=== Begin Enclosure ===

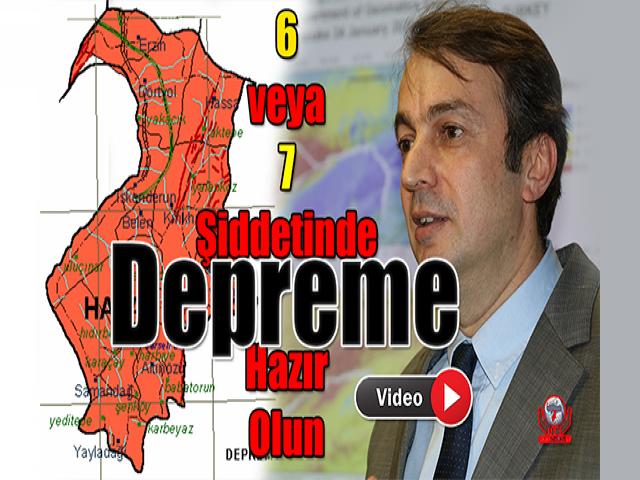 Hakan KUTOĞLU, Elazığ Depremi Hatay'a Kadar Olan İlleri Tetikler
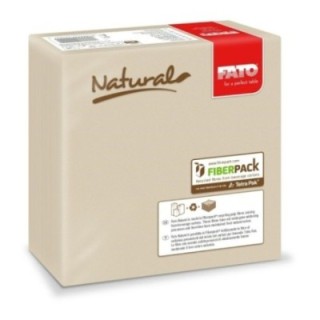 Serwetki 38x38 2W PUNTA FATO naturalne, FATO op. 40 szt.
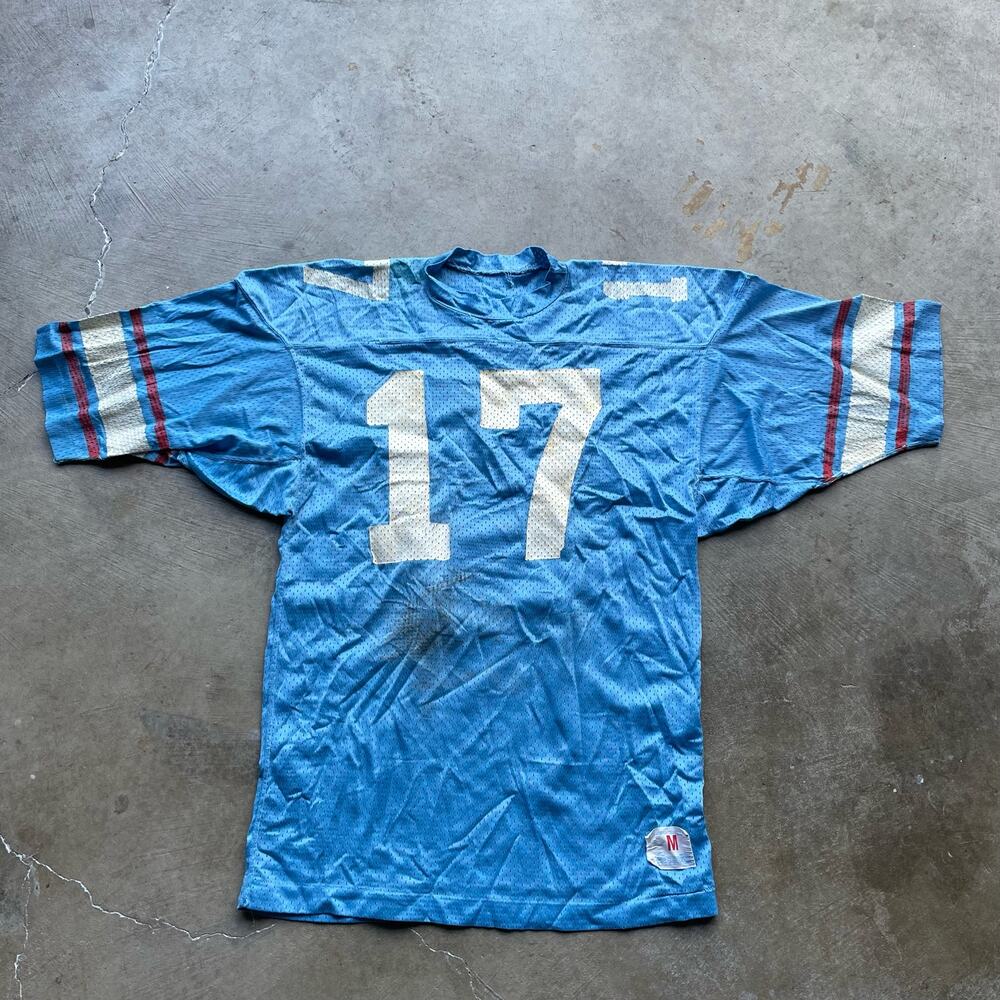VINTAGE 60S CHAMPION FOOTBALL JERSEY SOUTH SALEM MEDIUM BABY BLUE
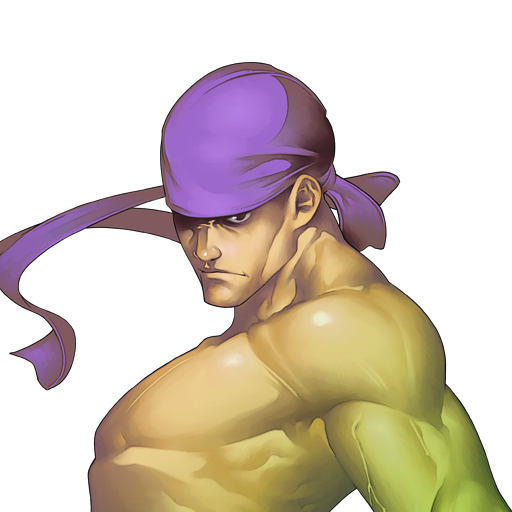 bandana, bandanna, jyuzumaru, male, muscle, official_art, profile, ribbon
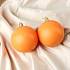 картинка Набор шаров пластик d-8 см, 2 шт "Матовый" оранжевый 4298877 от компании ГлавТорг Красноярск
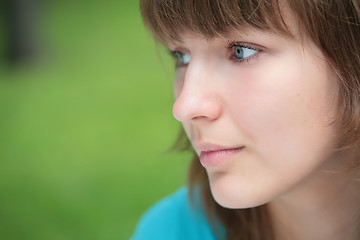 Image showing green-eyed girl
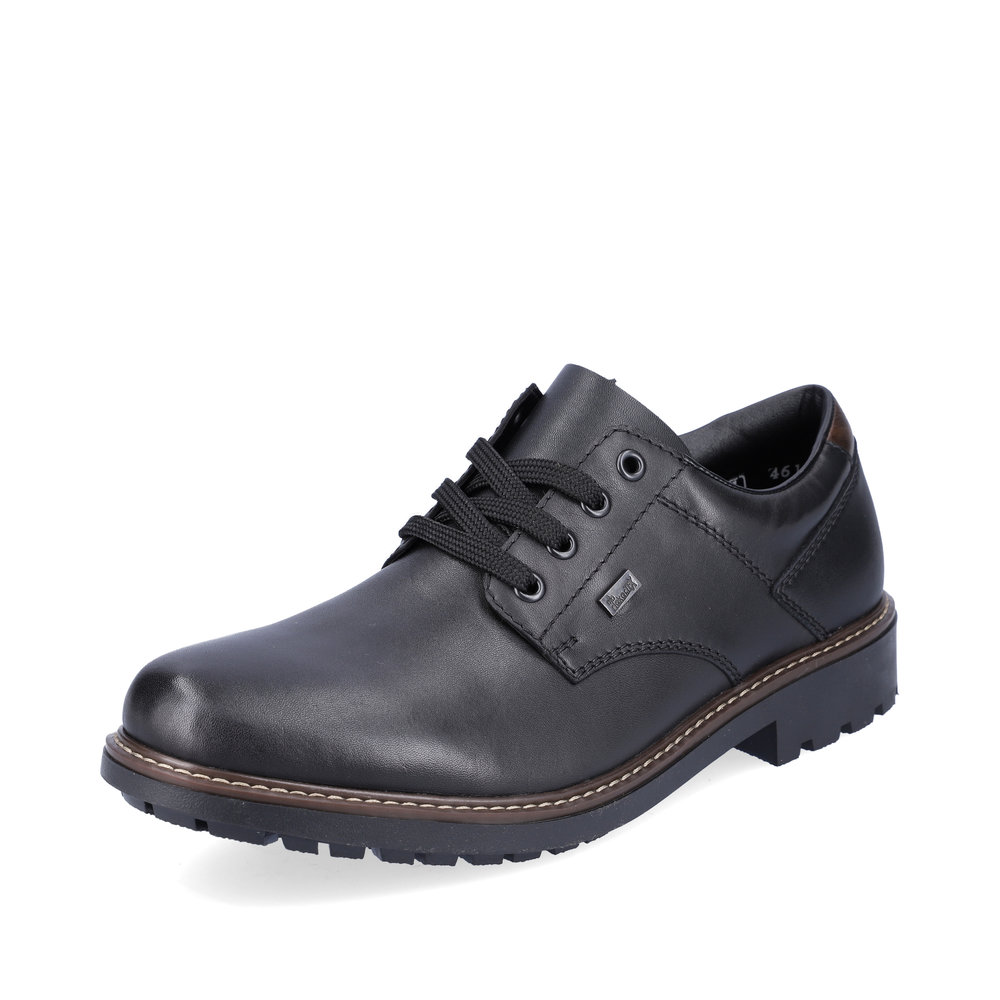 Rieker Mens F4611-00 Black Tex lace shoe Sizes - 41 to 46. Price - £79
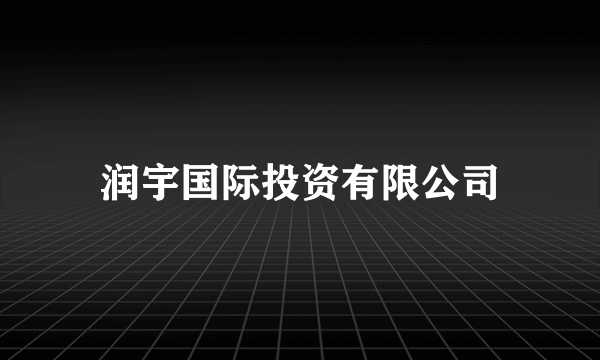 润宇国际投资有限公司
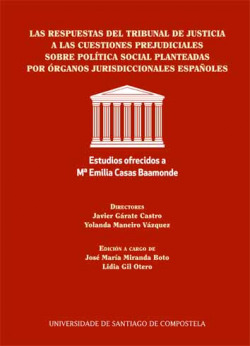 LAS RESPUESTAS DEL TRIBUNAL DE JUSTICIA A LAS CUESTIONES PREJUDIC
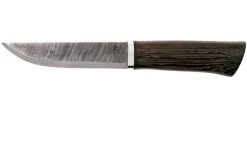 Autine Damascus Bushcrafter, Wengé, Fourreau RH Brun, Couteau Bushcraft
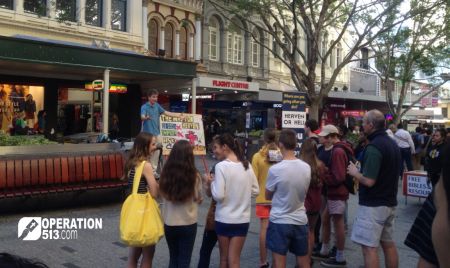 Open Air Street Preaching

=== End Enclosure ===

What the task asks:
Without the pictures, repeat the listing exactly as it reads.

Written solution:
 Hakan KUTOĞLU, Elazığ Depremi Hatay'a Kadar Olan İlleri Tetikler
 Serwetki 38x38 2W PUNTA FATO naturalne, FATO op. 40 szt.
VINTAGE 60S CHAMPION FOOTBALL JERSEY SOUTH SALEM MEDIUM BABY BLUE
 bandana, bandanna, jyuzumaru, male, muscle, official_art, profile, ribbon
 картинка Набор шаров пластик d-8 см, 2 шт "Матовый" оранжевый 4298877 от компании ГлавТорг Красноярск
 Image showing green-eyed girl
 Rieker Mens F4611-00 Black Tex lace shoe Sizes - 41 to 46. Price - £79
 润宇国际投资有限公司
 LAS RESPUESTAS DEL TRIBUNAL DE JUSTICIA A LAS CUESTIONES PREJUDIC
 Autine Damascus Bushcrafter, Wengé, Fourreau RH Brun, Couteau Bushcraft
 Open Air Street Preaching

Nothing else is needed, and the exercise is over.